> TASK PROMPT
Some entries follow. Reproduce exactly the lines starting at the one with "Ramada by Wyndham Bucharest Parc - 32" and stopping after the one with "Star Wars Desert".

> RECORDS
'''

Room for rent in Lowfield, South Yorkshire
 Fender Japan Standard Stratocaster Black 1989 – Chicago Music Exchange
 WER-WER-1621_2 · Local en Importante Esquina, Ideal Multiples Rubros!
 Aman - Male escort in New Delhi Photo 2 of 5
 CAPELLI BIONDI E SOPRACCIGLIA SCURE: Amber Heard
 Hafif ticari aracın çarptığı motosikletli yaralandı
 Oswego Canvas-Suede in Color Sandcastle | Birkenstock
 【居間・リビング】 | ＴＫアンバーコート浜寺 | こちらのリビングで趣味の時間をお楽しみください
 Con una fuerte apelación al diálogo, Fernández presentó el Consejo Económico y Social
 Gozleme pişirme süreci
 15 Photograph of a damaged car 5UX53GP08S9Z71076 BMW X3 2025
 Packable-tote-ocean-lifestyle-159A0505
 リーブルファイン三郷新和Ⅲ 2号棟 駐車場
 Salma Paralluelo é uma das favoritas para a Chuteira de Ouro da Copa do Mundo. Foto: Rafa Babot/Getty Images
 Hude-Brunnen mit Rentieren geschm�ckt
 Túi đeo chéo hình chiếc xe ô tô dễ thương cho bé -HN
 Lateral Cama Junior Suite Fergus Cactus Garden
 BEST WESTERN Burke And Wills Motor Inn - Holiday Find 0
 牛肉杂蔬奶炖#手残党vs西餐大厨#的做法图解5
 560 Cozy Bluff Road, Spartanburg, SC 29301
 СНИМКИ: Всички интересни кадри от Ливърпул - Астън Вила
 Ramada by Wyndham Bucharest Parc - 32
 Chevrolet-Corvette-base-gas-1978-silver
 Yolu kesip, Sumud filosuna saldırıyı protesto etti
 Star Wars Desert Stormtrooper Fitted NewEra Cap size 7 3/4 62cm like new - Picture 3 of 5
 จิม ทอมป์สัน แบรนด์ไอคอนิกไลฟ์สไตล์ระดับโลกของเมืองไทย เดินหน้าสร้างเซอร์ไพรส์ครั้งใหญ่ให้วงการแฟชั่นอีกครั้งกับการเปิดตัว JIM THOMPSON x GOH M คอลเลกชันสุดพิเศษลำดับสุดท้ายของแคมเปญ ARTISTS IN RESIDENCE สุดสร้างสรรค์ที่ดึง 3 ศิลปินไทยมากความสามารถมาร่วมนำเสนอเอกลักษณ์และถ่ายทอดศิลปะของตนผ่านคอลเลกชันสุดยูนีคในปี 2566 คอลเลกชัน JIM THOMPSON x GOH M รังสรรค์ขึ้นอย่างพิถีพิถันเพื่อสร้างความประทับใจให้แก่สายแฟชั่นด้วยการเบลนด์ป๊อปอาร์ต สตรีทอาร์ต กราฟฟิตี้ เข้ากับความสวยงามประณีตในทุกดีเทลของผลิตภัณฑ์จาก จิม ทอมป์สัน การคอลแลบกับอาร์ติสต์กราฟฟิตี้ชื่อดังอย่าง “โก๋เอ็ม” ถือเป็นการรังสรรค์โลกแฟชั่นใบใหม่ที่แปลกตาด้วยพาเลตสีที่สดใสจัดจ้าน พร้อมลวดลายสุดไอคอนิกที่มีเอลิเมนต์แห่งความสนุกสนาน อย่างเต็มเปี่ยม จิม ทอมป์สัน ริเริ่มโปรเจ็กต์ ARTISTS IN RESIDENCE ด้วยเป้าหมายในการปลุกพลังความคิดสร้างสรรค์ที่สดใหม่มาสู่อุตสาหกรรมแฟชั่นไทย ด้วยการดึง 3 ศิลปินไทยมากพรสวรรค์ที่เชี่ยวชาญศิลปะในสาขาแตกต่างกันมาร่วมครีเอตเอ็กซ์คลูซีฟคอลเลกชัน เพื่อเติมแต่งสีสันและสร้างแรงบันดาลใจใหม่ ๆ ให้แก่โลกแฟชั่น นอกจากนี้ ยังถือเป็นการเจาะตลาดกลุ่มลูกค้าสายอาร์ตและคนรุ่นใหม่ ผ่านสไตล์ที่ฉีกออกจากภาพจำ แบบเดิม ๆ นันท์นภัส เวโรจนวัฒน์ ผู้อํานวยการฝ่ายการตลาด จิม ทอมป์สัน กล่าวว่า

'''

> SOLUTION TO THIS PROBLEM
 Ramada by Wyndham Bucharest Parc - 32
 Chevrolet-Corvette-base-gas-1978-silver
 Yolu kesip, Sumud filosuna saldırıyı protesto etti
 Star Wars Desert Stormtrooper Fitted NewEra Cap size 7 3/4 62cm like new - Picture 3 of 5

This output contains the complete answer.